This paper offers recent ideas and its implementation on leveraging AI for off highway Autonomous vehicle Simulations in SIL and HIL frameworks. Our objective is to enhance software quality and reliability while reducing costs and efforts through advanced simulation techniques.
We employed multiple innovative solutions to build a System of Systems Simulation. Physics based models are a prerequisite for detailed and accurate representation of the real-world system, but it poses challenges due to its computational complexity and storage requirements. Machine learning algorithms were used to create surrogate/reduced order models to optimize by preserving the expected fidelity of models. It helped to speed up simulation and compile model code for SIL & HIL Targets.
Built AI driven interfaces to bridge windows, Linux and Mobile Operating systems. Time synchronization was the key challenge as multiple environments were needed for end-to-end solutions. This was resolved by reinforcement learning & optimization algorithms so that loss of information can be prevented. John Deere Operations Center™ Fleet management was integrated with vehicle simulators so that remote monitoring and control of machine configurations and settings for various autonomy mode could be validated in virtual environment.

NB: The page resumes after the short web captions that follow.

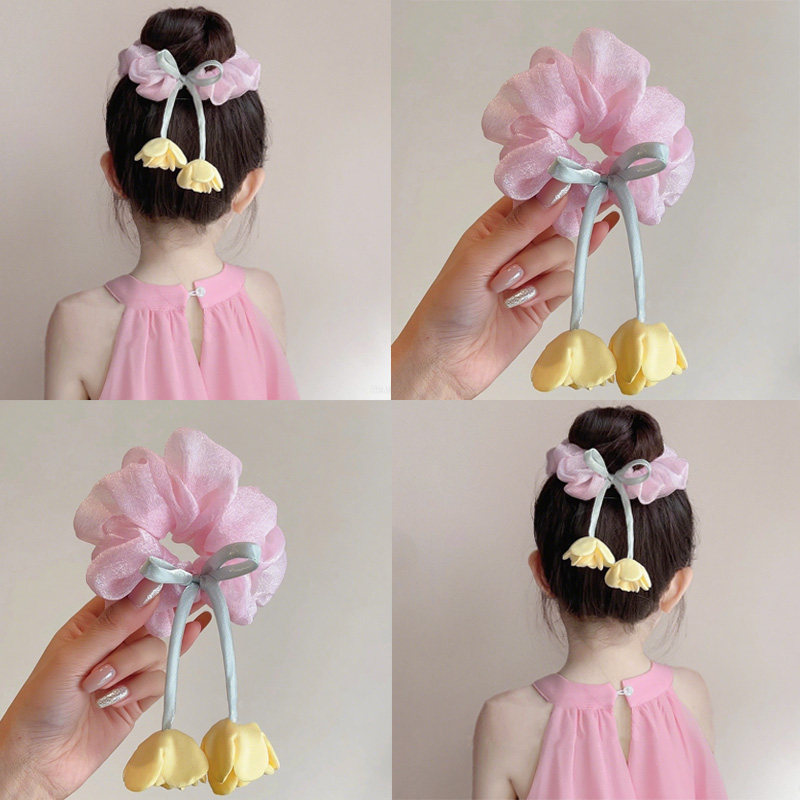 韩版儿童粉色花朵网纱大肠发圈2025新款女童扎头发皮筋头绳发饰品,童装/婴儿装/亲子装,发饰,淘宝优惠券,粉丝福利购,淘宝优惠卷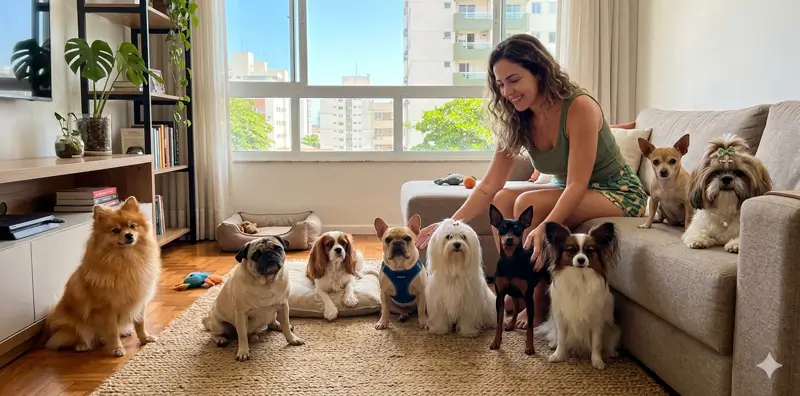 cães pequenos de diferentes raças sentados juntos em ambiente de apartamento organizado e confortável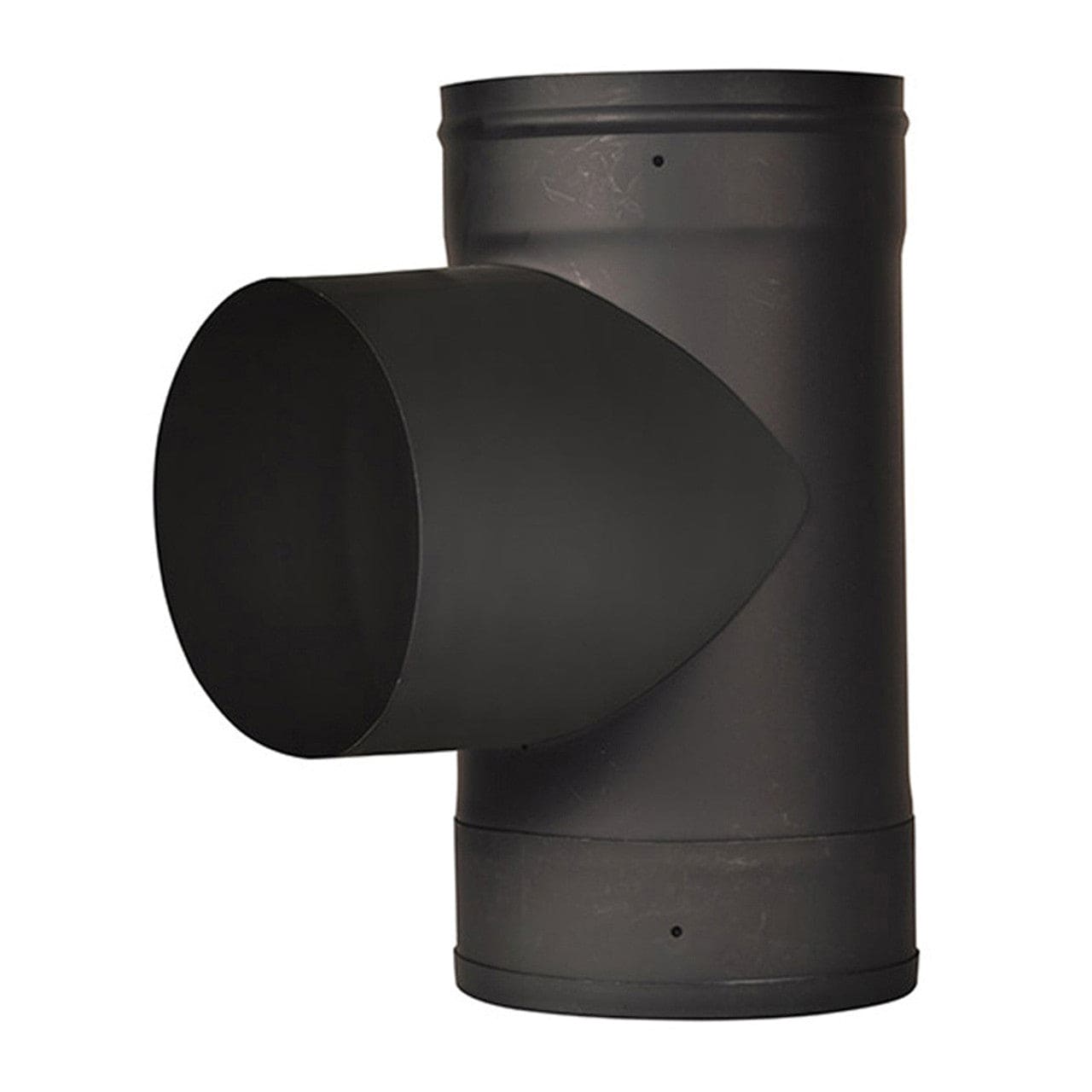 6" Ventis Single-Wall Black Stove Pipe 22-Gauge Cold-Rolled Steel - Tee with Fixed Snout - VSB06T - Chimney Cricket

Gen AI based tools were used for creation of Test plan and its Automation to accumulate several hundred hours of test execution for autonomy related features. The team tested various SW & HW fault conditions to understand the impact and behavior of the system in autonomy mode. As part of the next steps this framework would be further scaled for future autonomy programs and product lines
This adoption of AI-based methods has expedited the delivery of autonomous vehicles, ensuring they are technologically advanced and customized to meet customer needs.